Nondisclosure Obligations and Agreements
At the heart of it, an NDA includes a promise not to disclose confidential information. There are also other things that can be included in those agreements.
A company’s legal team should maintain non-disclosure agreements (NDA) to be provided for use in the following situations:
- Two-Way NDA. Covers mutual sharing of confidential information between a company and a third party. This imposes confidentiality obligations on both parties.
- One-Way NDA Out. Covers only disclosure of confidential information by a company to a third party. This imposes no confidentiality obligations on the company.
- One-Way NDA In. Covers receipt of confidential Information from a third party. This only imposes confidentiality obligations on the company. The third party is under no confidentiality obligations.
An NDA does not determine ownership of IP. NDAs are to be used for the purpose of protecting information at the stage where companies are determining whether to enter into a business relationship with another company. Because an NDA does not determine ownership of IP, no actual work (such as development work) should be undertaken under an NDA. Such work should be undertaken only after a definitive agreement which addresses IP ownership has been entered into.

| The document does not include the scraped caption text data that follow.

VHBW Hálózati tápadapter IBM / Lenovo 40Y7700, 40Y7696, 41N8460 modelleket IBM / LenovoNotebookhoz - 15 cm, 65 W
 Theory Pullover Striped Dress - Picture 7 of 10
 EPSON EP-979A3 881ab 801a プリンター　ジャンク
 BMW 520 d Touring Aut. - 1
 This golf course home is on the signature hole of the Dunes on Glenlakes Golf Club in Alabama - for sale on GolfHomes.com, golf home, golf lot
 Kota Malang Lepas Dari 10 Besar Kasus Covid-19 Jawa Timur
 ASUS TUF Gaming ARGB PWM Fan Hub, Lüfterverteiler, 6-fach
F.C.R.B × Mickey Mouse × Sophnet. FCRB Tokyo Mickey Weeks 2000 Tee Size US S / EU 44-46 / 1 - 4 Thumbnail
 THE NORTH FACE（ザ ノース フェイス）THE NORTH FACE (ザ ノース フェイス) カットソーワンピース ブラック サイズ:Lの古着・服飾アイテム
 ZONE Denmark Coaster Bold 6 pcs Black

Performing work under only an NDA leaves open the question of who owns the IP that arises out of that work. Consequently, a company may have to expend significant and unnecessary funds determining, and perhaps engaging in litigation, to determine ownership of that IP. When a company decides it wants to enter into a business relationship with another company, and before work commences in that relationship, a company’s legal team should be notified so that an agreement addressing IP ownership can be entered into with the other company.